AIM OF THE TASK: From the line holding "this 800×533 image." to the final line of the entries, set down each line exactly, including both, and nothing more.

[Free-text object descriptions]
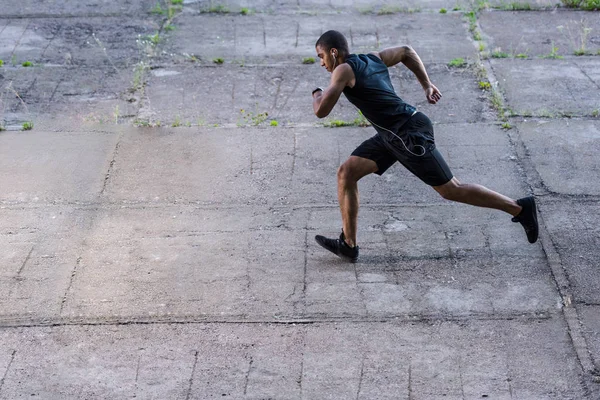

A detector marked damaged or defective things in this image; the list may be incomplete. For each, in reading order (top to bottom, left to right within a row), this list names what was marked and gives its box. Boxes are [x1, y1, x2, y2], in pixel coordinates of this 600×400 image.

cracked concrete slab [516, 117, 600, 195]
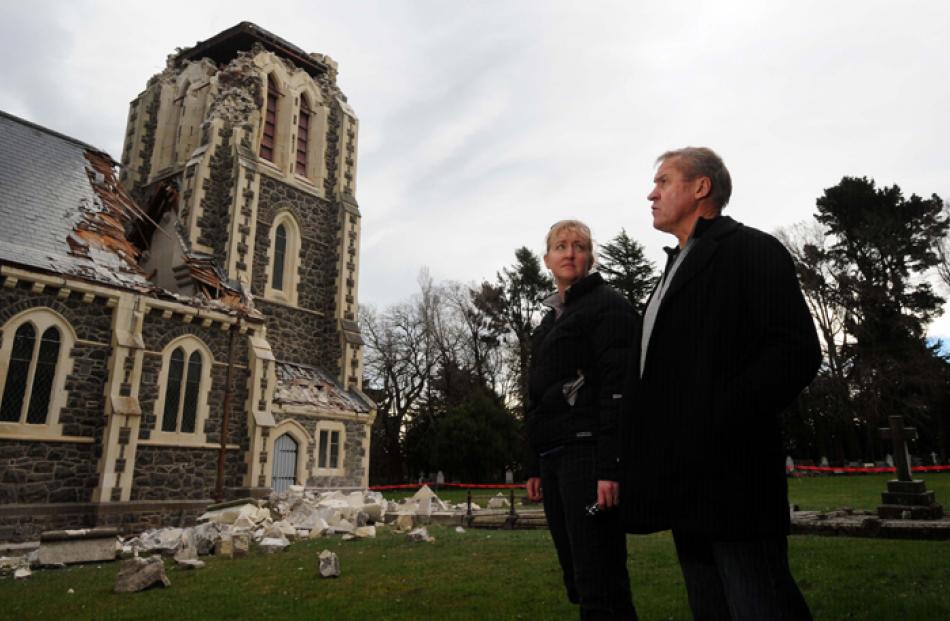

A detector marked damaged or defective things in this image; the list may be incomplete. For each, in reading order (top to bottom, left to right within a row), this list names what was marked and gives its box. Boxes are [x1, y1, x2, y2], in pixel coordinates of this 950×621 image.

damaged stone church [0, 23, 376, 536]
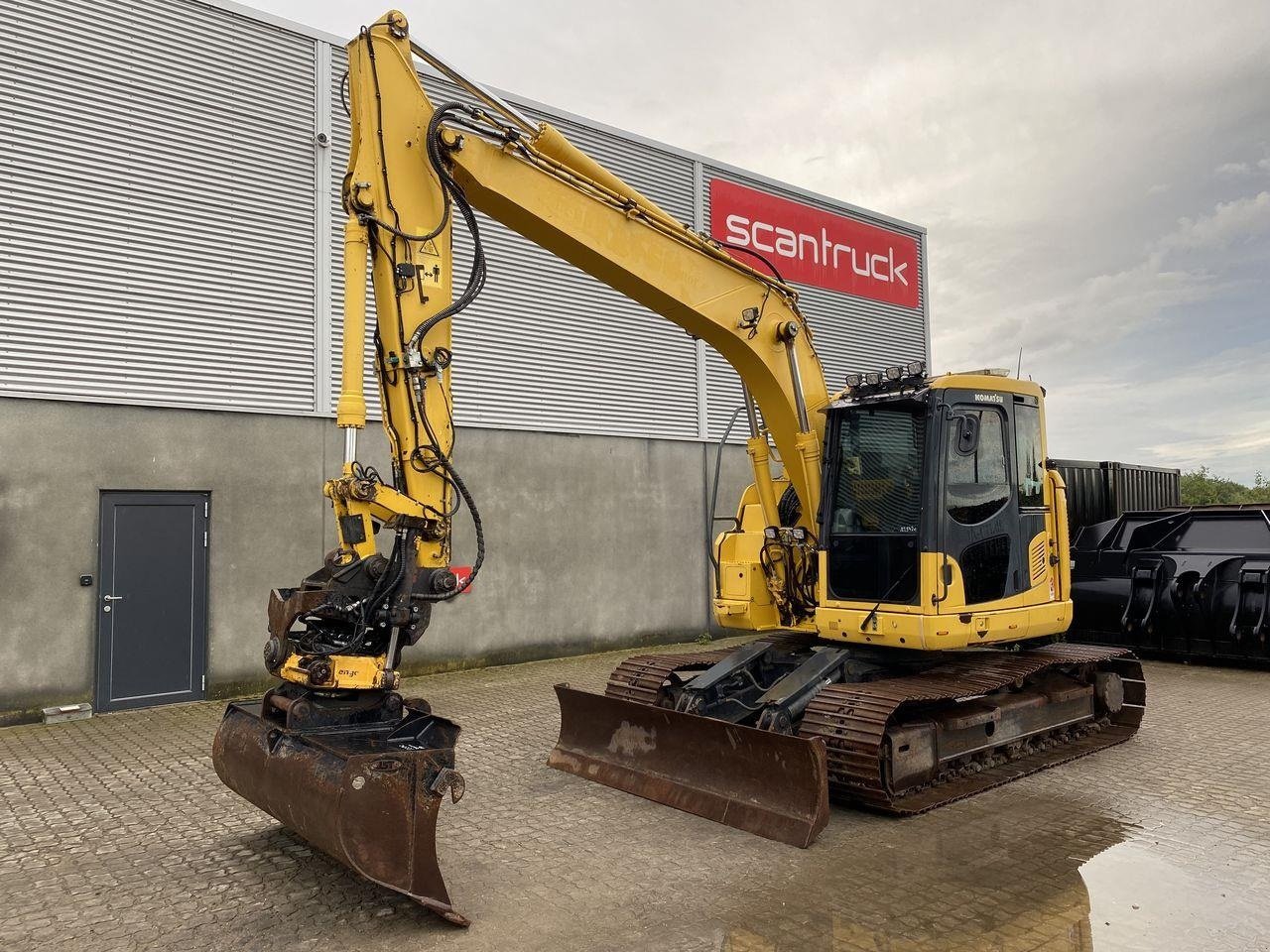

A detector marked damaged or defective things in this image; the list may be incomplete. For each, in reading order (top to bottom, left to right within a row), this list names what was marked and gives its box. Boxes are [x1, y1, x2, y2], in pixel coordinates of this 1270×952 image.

rusty excavator bucket [213, 686, 472, 924]
rusty excavator bucket [548, 682, 833, 849]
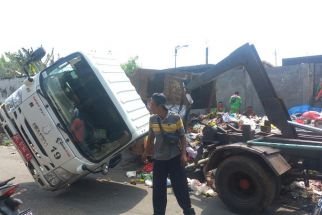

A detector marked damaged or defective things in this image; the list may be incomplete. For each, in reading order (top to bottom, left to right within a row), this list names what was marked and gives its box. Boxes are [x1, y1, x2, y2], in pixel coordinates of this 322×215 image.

overturned white truck [0, 48, 150, 190]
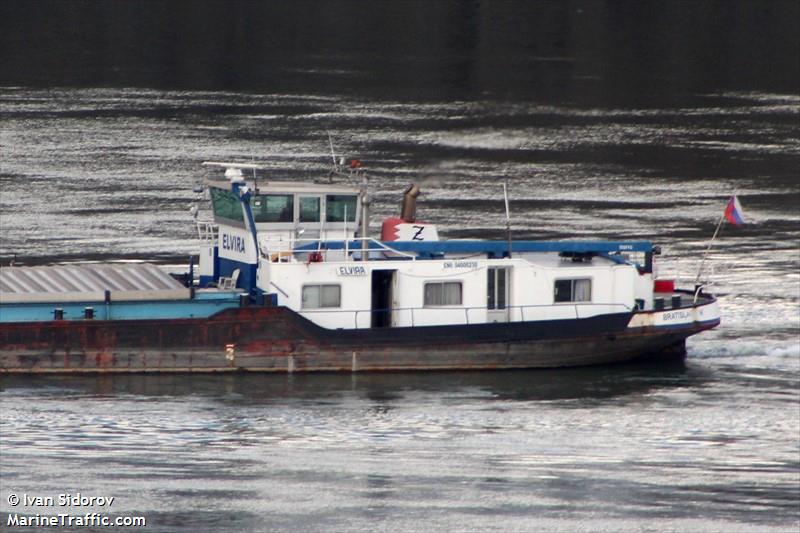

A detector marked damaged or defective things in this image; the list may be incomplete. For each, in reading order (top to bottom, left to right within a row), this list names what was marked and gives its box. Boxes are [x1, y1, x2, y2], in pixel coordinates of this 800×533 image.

rusty barge [0, 160, 720, 372]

RESPONSE BOX:
A detector marked damaged or defective things in this image; the list may be incomplete. For each, in reading order (top to bottom, left to right within a row), this list names what was marked and gives its box. Boxes are [x1, y1, x2, y2], in pixel coordinates of this 800×533 image.

rusty barge [0, 160, 720, 372]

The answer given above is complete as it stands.